Evaluate the intgral $\int{\frac{dx}{x^2(1-x^2)}}$ (solution verification) I have to solve the following integral
$$\int{\frac{dx}{x^2(1-x^2)}}$$
What I've got:
\begin{split}
\int{\frac{dx}{x^2(1-x^2)}} &=\int{\frac{(1-x^2+x^2)dx}{x^2(1-x^2)}}\\
&=\int{\frac{dx}{x^2}}+\int{\frac{dx}{1-x^2}}\\
&=\int{\frac{dx}{x^2}}+\int{\frac{dx}{(1+(xi)^2)}}\\
&=-x^{-1}+\arctan{xi}+C
\end{split}
Is this correct?
Thanks in advance!
 A: Are you sure that a non-real answer is acceptable?

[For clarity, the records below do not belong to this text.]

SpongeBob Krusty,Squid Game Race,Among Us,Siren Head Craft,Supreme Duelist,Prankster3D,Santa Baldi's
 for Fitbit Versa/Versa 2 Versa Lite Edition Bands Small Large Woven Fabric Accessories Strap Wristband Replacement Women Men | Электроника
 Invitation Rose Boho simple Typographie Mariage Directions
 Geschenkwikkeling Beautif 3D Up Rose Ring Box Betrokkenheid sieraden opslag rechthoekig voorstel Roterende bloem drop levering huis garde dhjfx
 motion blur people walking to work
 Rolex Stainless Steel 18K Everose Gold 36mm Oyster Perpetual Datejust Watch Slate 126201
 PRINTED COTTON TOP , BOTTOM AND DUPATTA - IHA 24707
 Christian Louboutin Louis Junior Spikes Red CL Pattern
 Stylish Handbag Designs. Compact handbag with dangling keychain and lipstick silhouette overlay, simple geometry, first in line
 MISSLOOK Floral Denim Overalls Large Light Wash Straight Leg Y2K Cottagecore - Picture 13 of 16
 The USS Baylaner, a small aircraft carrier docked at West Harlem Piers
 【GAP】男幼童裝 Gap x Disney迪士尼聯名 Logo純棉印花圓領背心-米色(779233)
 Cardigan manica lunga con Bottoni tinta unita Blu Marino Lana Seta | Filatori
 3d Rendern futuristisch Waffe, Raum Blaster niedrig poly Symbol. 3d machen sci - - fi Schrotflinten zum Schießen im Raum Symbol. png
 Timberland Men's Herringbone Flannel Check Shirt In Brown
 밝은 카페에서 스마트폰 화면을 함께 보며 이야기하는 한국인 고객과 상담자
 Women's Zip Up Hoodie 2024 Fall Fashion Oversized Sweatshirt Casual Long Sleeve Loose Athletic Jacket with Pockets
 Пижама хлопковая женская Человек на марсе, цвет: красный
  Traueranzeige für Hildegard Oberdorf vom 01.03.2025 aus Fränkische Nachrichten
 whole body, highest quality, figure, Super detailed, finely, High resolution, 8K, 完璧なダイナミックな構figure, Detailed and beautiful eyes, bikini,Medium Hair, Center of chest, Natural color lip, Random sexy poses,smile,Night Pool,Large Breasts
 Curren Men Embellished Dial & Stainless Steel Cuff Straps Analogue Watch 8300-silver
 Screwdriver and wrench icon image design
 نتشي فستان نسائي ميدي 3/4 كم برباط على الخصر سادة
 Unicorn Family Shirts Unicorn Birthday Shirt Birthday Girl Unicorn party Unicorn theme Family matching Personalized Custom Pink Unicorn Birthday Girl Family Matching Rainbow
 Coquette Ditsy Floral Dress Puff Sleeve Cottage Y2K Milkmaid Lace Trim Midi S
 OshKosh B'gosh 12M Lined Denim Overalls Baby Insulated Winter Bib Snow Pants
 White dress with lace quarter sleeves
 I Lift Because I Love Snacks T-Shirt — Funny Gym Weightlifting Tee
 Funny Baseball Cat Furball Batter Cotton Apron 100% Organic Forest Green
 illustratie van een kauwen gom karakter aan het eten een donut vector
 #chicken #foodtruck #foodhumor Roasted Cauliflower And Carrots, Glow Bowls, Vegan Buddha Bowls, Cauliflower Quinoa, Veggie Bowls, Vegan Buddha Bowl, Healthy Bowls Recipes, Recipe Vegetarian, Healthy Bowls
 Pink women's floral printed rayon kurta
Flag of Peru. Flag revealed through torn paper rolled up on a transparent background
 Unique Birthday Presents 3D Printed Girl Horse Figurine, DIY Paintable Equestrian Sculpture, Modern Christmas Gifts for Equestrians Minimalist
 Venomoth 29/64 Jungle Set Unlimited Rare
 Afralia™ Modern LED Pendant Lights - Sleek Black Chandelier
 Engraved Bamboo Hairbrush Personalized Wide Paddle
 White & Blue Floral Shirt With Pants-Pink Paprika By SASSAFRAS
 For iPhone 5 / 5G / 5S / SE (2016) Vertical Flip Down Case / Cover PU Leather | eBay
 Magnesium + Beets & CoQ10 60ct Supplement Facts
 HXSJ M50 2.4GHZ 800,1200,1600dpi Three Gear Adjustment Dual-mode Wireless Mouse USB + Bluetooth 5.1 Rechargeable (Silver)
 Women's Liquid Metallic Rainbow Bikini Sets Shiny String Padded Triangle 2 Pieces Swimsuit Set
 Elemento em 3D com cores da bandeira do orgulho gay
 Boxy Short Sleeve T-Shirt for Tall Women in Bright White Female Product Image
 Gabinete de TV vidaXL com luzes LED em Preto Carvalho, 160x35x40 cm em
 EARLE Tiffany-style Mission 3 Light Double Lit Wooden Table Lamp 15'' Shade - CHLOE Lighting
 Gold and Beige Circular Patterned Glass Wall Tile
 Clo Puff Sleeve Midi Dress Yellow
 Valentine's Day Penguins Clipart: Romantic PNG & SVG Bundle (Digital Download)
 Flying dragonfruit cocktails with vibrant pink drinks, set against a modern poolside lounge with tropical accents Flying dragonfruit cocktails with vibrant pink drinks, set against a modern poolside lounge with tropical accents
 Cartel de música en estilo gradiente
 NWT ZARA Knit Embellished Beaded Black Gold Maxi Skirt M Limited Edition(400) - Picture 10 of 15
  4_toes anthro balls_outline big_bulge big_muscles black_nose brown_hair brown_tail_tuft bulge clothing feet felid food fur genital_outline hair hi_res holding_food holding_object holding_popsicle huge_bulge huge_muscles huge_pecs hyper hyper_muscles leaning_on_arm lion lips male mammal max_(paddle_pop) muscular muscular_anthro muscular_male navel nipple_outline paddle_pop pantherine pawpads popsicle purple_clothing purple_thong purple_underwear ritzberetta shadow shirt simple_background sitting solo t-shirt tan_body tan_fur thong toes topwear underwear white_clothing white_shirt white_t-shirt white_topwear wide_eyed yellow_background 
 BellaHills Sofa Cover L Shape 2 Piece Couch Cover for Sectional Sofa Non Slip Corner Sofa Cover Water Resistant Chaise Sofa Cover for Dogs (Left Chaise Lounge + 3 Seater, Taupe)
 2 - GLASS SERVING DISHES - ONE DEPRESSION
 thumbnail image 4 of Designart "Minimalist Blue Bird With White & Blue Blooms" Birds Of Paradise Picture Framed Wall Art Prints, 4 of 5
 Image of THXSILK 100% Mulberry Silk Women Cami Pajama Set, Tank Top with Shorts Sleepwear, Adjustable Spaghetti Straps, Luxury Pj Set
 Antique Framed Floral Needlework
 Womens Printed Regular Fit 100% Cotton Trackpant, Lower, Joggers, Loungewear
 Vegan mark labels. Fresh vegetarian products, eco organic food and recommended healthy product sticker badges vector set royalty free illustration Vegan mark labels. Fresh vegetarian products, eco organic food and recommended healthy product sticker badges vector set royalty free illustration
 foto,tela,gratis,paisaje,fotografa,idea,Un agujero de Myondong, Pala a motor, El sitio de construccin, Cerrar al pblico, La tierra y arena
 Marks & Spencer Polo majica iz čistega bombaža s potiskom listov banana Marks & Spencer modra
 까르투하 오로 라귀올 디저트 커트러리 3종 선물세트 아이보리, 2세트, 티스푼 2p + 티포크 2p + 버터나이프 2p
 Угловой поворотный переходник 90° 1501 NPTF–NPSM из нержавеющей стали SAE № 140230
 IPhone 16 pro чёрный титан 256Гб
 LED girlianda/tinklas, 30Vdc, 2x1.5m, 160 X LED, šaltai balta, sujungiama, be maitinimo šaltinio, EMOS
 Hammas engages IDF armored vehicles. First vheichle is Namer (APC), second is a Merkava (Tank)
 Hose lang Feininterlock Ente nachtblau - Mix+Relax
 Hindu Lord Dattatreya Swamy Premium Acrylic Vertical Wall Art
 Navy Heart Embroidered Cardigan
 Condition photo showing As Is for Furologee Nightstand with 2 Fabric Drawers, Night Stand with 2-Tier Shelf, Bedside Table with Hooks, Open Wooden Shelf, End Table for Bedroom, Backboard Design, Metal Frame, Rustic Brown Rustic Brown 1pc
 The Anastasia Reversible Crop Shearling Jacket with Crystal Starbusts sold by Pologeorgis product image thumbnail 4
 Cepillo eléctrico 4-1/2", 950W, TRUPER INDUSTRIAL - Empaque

Even if it is, what you should have got as a primitive of $\frac1{1-x^2}$ should have been $-i\arctan(xi)$. But I suggest that you do$$\frac1{1-x^2}=\frac{1/2}{1-x}+\frac{1/2}{1+x}$$instead.
A: Don't forget $\dfrac1i$ before $\arctan$
$$\int{\frac{dx}{x^2(1-x^2)}}=-x^{-1}+\dfrac{1}{i}\arctan{xi}+C$$
Also better to write
$$\int\dfrac{1}{1-x^2}dx=\dfrac12\ln\dfrac{1+x}{1-x}+C$$
A: $x = \tanh(u)$ then $dx = \operatorname{sech}^2(u) du$
$$
\begin{align}
\int \frac{dx}{x^2(1-x^2)}
&= \int \frac{\operatorname{sech}^2(u) du}{\tanh^2(u)(1-\tanh^2(u))}\\
&= \int \frac{\operatorname{sech}^2(u) du}{\tanh^2(u)(\operatorname{sech}^2(u))}\\
&= \int \frac{du}{\tanh^2(u)}\\
&= \int \frac{\cosh^2(u)}{\sinh^2(u)} du\\
&= \int (1 + \operatorname{csch}^2(u))du\\
&= u - \coth(u)\\
&= \operatorname{arctanh}(x) - \frac{1}{x} + C
\end{align}
$$
A: Note that, if $f(x)=\arctan(xi)$, then
$$
f'(x)=i\frac{1}{1+(xi)^2}=\frac{i}{1-x^2}
$$
that's not the required derivative; you are missing $1/i=-i$, so you could write
$$
-\frac{1}{x}-i\arctan(xi)
$$

I'd prefer to avoid complex functions. With partial fractions, we set
$$
\frac{1}{x^2(1-x)^2}=
\frac{a}{x}+\frac{b}{x^2}+\frac{c}{x-1}+\frac{d}{x+1}
$$
Removing the denominators leads to
$$
ax(x^2-1)+b(x^2-1)+cx^2(x+1)+dx^2(x-1)=-1
$$
With $x=0$, we get $-b=-1$; with $x=1$, we get $2c=-1$; with $x=-1$ we get $-2d=-1$. It remains to find $a$, but this is easily seen to be $0$.
Therefore
$$
\int\frac{1}{x^2(1-x^2)}\,dx=
\int\left(
  \frac{1}{x^2}-\frac{1}{2}\frac{1}{x-1}+\frac{1}{2}\frac{1}{x+1}
\right)\,dx=-\frac{1}{x}+\frac{1}{2}\log\left|\frac{x+1}{x-1}\right|+c
$$
A: Another method using  the self-similar substitution
$$x=\frac{1-t}{1+t}$$  
transforms the integral to
$$-\int{\frac{2}{{{\left( t-1 \right)}^{2}}}+\frac{1}{2t}dt}$$